• _Material supplied_:
■ ■ ■ ■ ■ ■ ■
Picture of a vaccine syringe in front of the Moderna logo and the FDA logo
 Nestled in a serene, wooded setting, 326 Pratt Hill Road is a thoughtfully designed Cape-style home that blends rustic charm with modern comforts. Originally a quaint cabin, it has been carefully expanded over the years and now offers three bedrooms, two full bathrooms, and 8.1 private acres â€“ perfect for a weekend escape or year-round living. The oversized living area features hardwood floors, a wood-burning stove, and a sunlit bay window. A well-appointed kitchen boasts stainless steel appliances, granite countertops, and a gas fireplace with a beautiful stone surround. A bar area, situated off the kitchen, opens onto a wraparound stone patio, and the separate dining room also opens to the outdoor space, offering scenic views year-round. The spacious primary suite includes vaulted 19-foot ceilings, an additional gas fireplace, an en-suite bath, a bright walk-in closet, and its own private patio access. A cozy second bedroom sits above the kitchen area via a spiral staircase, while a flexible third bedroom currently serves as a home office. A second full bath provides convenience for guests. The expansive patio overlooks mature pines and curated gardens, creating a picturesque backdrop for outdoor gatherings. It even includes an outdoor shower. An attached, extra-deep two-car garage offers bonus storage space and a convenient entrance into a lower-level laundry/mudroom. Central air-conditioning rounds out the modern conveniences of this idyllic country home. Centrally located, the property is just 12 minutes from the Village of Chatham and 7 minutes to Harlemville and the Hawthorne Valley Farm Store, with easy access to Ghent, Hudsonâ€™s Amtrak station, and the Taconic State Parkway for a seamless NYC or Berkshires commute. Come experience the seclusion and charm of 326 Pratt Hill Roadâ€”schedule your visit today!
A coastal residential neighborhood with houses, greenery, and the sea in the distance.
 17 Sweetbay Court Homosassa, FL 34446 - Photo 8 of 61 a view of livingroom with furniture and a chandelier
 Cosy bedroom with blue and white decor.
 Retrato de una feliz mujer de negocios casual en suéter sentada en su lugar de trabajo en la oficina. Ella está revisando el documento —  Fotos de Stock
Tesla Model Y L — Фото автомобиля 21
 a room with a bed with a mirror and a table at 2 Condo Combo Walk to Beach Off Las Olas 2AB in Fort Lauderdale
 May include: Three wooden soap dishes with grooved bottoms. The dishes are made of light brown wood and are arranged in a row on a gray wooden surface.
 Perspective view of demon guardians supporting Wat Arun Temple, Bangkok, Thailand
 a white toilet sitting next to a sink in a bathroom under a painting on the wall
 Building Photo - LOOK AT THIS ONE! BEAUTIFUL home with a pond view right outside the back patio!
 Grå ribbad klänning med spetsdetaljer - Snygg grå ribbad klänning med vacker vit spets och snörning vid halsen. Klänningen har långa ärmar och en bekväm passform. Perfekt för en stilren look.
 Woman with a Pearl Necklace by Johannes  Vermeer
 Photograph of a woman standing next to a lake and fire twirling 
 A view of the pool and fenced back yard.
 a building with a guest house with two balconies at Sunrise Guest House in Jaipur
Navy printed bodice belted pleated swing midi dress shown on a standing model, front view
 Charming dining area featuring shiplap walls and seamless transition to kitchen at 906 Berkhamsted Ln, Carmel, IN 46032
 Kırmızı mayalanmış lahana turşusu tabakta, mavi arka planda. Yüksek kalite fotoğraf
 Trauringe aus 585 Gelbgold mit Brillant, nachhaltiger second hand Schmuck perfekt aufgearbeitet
■ ■ ■ ■ ■ ■ ■
• _What you need to do_: Transcribe the material above. Change nothing in it.

• _Exercise answer_:
Picture of a vaccine syringe in front of the Moderna logo and the FDA logo
 Nestled in a serene, wooded setting, 326 Pratt Hill Road is a thoughtfully designed Cape-style home that blends rustic charm with modern comforts. Originally a quaint cabin, it has been carefully expanded over the years and now offers three bedrooms, two full bathrooms, and 8.1 private acres â€“ perfect for a weekend escape or year-round living. The oversized living area features hardwood floors, a wood-burning stove, and a sunlit bay window. A well-appointed kitchen boasts stainless steel appliances, granite countertops, and a gas fireplace with a beautiful stone surround. A bar area, situated off the kitchen, opens onto a wraparound stone patio, and the separate dining room also opens to the outdoor space, offering scenic views year-round. The spacious primary suite includes vaulted 19-foot ceilings, an additional gas fireplace, an en-suite bath, a bright walk-in closet, and its own private patio access. A cozy second bedroom sits above the kitchen area via a spiral staircase, while a flexible third bedroom currently serves as a home office. A second full bath provides convenience for guests. The expansive patio overlooks mature pines and curated gardens, creating a picturesque backdrop for outdoor gatherings. It even includes an outdoor shower. An attached, extra-deep two-car garage offers bonus storage space and a convenient entrance into a lower-level laundry/mudroom. Central air-conditioning rounds out the modern conveniences of this idyllic country home. Centrally located, the property is just 12 minutes from the Village of Chatham and 7 minutes to Harlemville and the Hawthorne Valley Farm Store, with easy access to Ghent, Hudsonâ€™s Amtrak station, and the Taconic State Parkway for a seamless NYC or Berkshires commute. Come experience the seclusion and charm of 326 Pratt Hill Roadâ€”schedule your visit today!
A coastal residential neighborhood with houses, greenery, and the sea in the distance.
 17 Sweetbay Court Homosassa, FL 34446 - Photo 8 of 61 a view of livingroom with furniture and a chandelier
 Cosy bedroom with blue and white decor.
 Retrato de una feliz mujer de negocios casual en suéter sentada en su lugar de trabajo en la oficina. Ella está revisando el documento —  Fotos de Stock
Tesla Model Y L — Фото автомобиля 21
 a room with a bed with a mirror and a table at 2 Condo Combo Walk to Beach Off Las Olas 2AB in Fort Lauderdale
 May include: Three wooden soap dishes with grooved bottoms. The dishes are made of light brown wood and are arranged in a row on a gray wooden surface.
 Perspective view of demon guardians supporting Wat Arun Temple, Bangkok, Thailand
 a white toilet sitting next to a sink in a bathroom under a painting on the wall
 Building Photo - LOOK AT THIS ONE! BEAUTIFUL home with a pond view right outside the back patio!
 Grå ribbad klänning med spetsdetaljer - Snygg grå ribbad klänning med vacker vit spets och snörning vid halsen. Klänningen har långa ärmar och en bekväm passform. Perfekt för en stilren look.
 Woman with a Pearl Necklace by Johannes  Vermeer
 Photograph of a woman standing next to a lake and fire twirling 
 A view of the pool and fenced back yard.
 a building with a guest house with two balconies at Sunrise Guest House in Jaipur
Navy printed bodice belted pleated swing midi dress shown on a standing model, front view
 Charming dining area featuring shiplap walls and seamless transition to kitchen at 906 Berkhamsted Ln, Carmel, IN 46032
 Kırmızı mayalanmış lahana turşusu tabakta, mavi arka planda. Yüksek kalite fotoğraf
 Trauringe aus 585 Gelbgold mit Brillant, nachhaltiger second hand Schmuck perfekt aufgearbeitet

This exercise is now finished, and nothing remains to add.